Good to know. Different plants probably have different sensitivities to it also.
Ah. I didn’t want to assume anything about your level of knowledge/experience. Apple trees and most nut trees can take a long time regardless, so time will tell how they perform…
Just so you know, being planted near black walnut trees also makes things grow slower. But yeah, I imagine that Maine would depress just about any tree…
Do you know the cultivar name of the plum?
If you want to plant a pear, look out for juniper in the neighborhood. There is a common disease that transfers between these two.
I think that you mean infection, not disease. Disease is not communicable.
You have weak/lazy birds. No offence to them. Where I live, we have… advanced birds. They are fully equipped with the biological equivalents of bulletproof vests, haz-mat suits, armoured fighter jets with fully-guided heat-seeking targeting systems, and whatever it is that lets giraffes eat the acacias despite all of the biting ants that live in them. (I’m fine with sharing the fruit, but I don’t really have a choice.)
So you do have the purple figs then?
Diversification is key to any successful investment strategy.
Do the birds not eat the figs if you let them ripen fully? Or do your figs not turn purple when they get ripe?
Pro tip: you don’t really need to worry about pathogens. You have an immune system for a reason. Even if your poop compost was somehow colonised by some sort of alien superbacteria that would get inside of you and turn your vital organs into liquid shit, when the compost is fully broken down, they will have no more food, and they will either die off or move elsewhere. At that point, you could eat out of the compost bin if you wanted, and it would be perfectly safe.
I wonder how long it will take them to figure out that using drinkable water for toilets is ridiculous in the first place. Poop in a bucket, compost it, fertilise the fruit trees. Food security and water security at the same time.
Cool indeed!
I don’t know much about the US, but many places don’t have any of that zoning stuff. Ecuador seems to be famous for the lack of zoning regulations, but I imagine that any tropical rainforest country would probably be similar.
In the US, I remember hearing that some people in Arkansas were able to get away with starting up an intentional community and doing all sorts of permaculture things due to the lax zoning regulations. You might research how Arkansas does things.
I’ve heard of people eating ferns like that, but I only eat angiosperms myself. What do fiddleheads taste like?
“The data shows that land stewardship and protection fundamentally shift the carbon storage and emissions dynamics in the Amazon,” Chris Anderson, senior scientist at Planet, told Mongabay in an email interview. Anderson said the data hint at two scenarios that lie ahead for the planet: “one under land stewardship that promotes climate resilience versus one that doesn’t.”
The Amazon needs more people protecting the remaining forest and reforesting areas that have been degraded. Most environmental organisations just ask for money, but without people actually stewarding the land, it’s highly questionable what effect any donations will have in the long term.
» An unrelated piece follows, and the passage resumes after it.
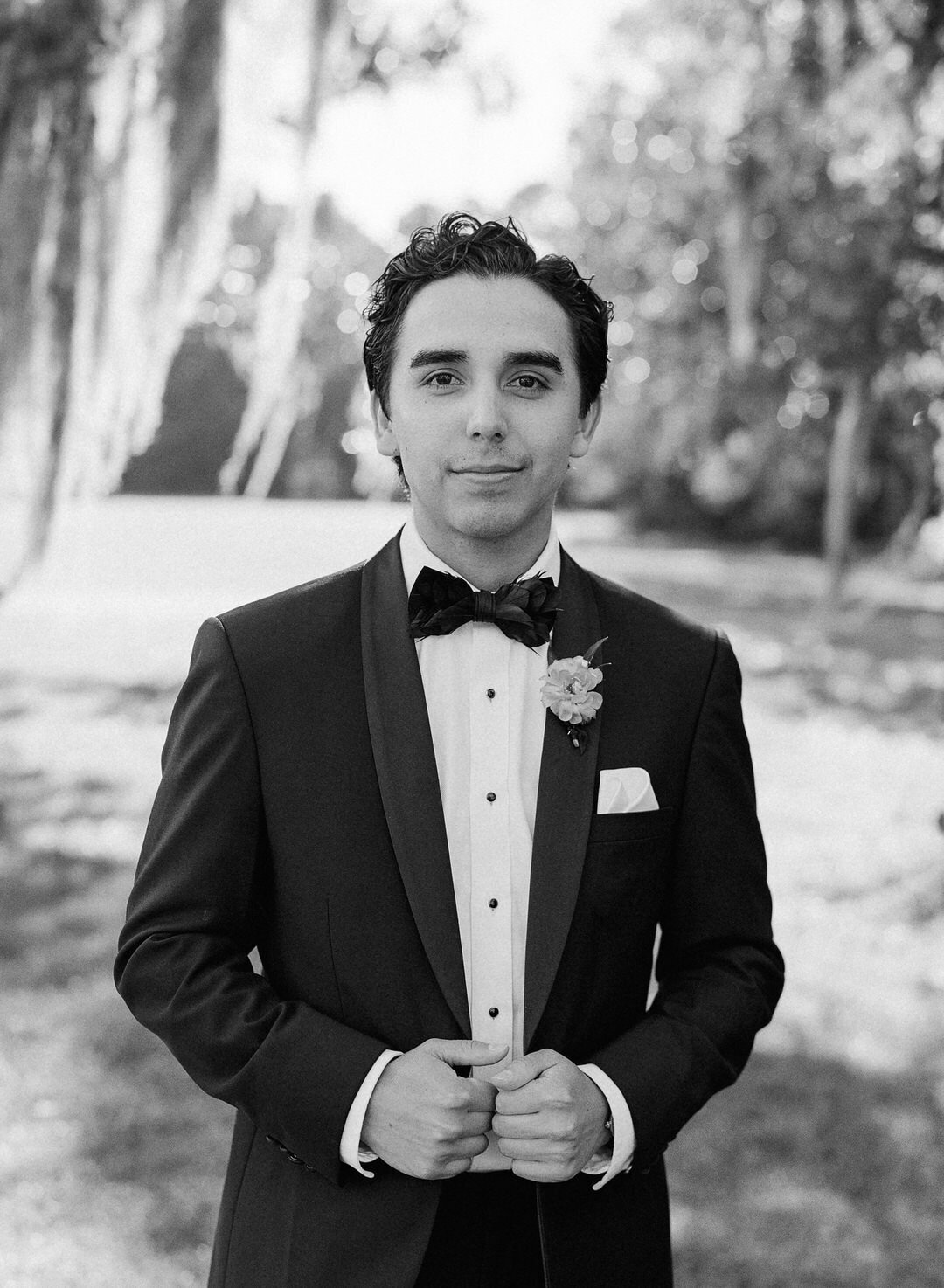 Charleston-South-Carolina-Wedding-Photographer-0017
There are people working on buying up land near a national park in order to expand the area under protection, but they need more people to help, even if only in the form of buying forested land and doing nothing with it or buying pasture land and letting it reforest itself.
…I can’t argue with that.
You don’t. Bamboo is not your friend. Bamboo is not anyone’s friend.
Kill it before it can escape and consume everything that you hold dear. Fire helps. Dynamite is better.
put out a sucker below the graft
We tell the trees to grow, and they do grow, but just to spite us. (That’s called “malicious compliance.”)
(non-native) purslane species
I don’t think that it matters at this point. Native or not, it really is a useful plant, not only for the garden, but also for those sidewalk cracks where nothing else seems to grow.
I’d be worried about runoff.
You’d only need to prevent the water from spreading it around until it breaks down. If you compost it on a small raised platform with a roof over it, you shouldn’t have much issue. For any minor spillage, you can plant something around the compost platform to absorb it. Once the compost breaks down, runoff would be a concern only due to the loss of hard-earned nutrients, which you could also reduce with vegetation and mulch.
I’d also like to do some cover crops and chop-and-drop this fall for mulch.
I’ve heard that buckwheat can work as a winter cover crop, though I’ve never actually seen it done. Do you have any Acer negundo popping up? That would probably be choppable and droppable, though more suitable as mulch for the fruit trees than the garden beds. If you have any Elaeagnus umbellata in your area, you could cut it down for woody mulch as well, but I don’t recommend planting it. For mulching the garden beds, some large herbaceous plant probably makes more sense, but I don’t know the cold-climate equivalent of banana, and the closest things to Tithonia diversifolia probably wouldn’t grow back very well. I do NOT recommend grass.
As an honourable mention… Robinia pseudoacacia is another potential source of woody mulch, but it’s probably the nuclear option. I don’t know if there are any cow pastures or old copper mines near you, but if so, then this could probably reforest them if you let it grow up to produce seeds. The neighbour’s lawn wouldn’t stand a chance. If it isn’t already growing in your area, exercise extreme caution. This plant is not a toy.
…I don’t know how to tell you this.
And the tree doesn’t get too big and out of control?